JAKARTA — Kepala Badan Nasional Penanggulangan Terorisme (BNPT) Komisaris Jendral Pol Boy Rafli Ammar meminta masyarakat luas dan berbagai pihak di tanah air untuk mewaspadai penyebaran paham radikalisme atau intoleran yang saat ini cendrung menyasar generasi atau kaum muda. Boy menegaskan generasi muda menjadi target kelompok radikal karena dianggap lebih mudah mengubah pola pikirnya.

“Kalau di Indonesia ini sangat jelas fakta-fakta pengaruh paham radikalisme-intoleran yang intens menyasar generasi muda, karena dia tahu anak muda adalah kelompok potensial dan produktif yang punya idealisme tinggi dan mudah berubah cara berpikirnya,” tutur Boy Raffli dalam sesi diskusi virtual di Jakarta, Jumat (5/2/2021).

Menurut mantan Kadiv Humas Mabes Polri dan Kapolda Papua ini, para pelaku penyebaran paham radikalisme meyakini ketika anak-muda berusia belasan tahun diberikan pemahaman-pemahaman atau doktrin-doktrin, mereka menjadi sangat berubah cara berpikirnya secara ekstrem,” ujar Boy.

Boy Rafli juga menyebutkan ancaman terorisme merupakan sebuah ancaman yang nyata.
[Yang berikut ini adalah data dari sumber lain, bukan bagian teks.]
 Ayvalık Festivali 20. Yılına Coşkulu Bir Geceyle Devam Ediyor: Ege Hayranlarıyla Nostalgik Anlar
Bahkan saat ini, ada upaya proses radikalisasi yang masif di dunia. Tak hanya di Indonesia, beberapa negara di dunia kini juga memiliki masalah serupa. Karenanya, tindak pidana terorisme kini telah menjadi bahaya laten dunia.

“Kita melihat ancaman terorisme adalah nyata dan dia bisa terjadi di mana saja dan bisa menjadikan pihak siapa saja yang menjadi korban dan bisa menjadikan masyarakat jadi bagian dari kejahatan itu Jadi kalau tidak sadar masyarakat bisa masuk ke dalam pengaruh dan kemudian tidak sadar ikut dalam kejahatan terorisme,” urainya.

Ia pun menjelaskan paham radikalisasi memang dapat mengubah pola pikir masyarakat dengan mewajarkan berbagai tindakan kekerasan. Pola pikir itu masuk dengan menunggangi ajaran agama tertentu hingga melalui propaganda.

“Karena radikalisasi mengubah alam pikiran orang. Bahkan melegalkan cara-cara kekerasan di dalam melakukan aktivitas upaya pencapaian tujuan. Ketika dia yakinin pemahaman dan keyakinannya dan dia ingin capai tujuan itu maka tidak bisa menggunakan cara-cara yang damai,” terang Boy Rafli.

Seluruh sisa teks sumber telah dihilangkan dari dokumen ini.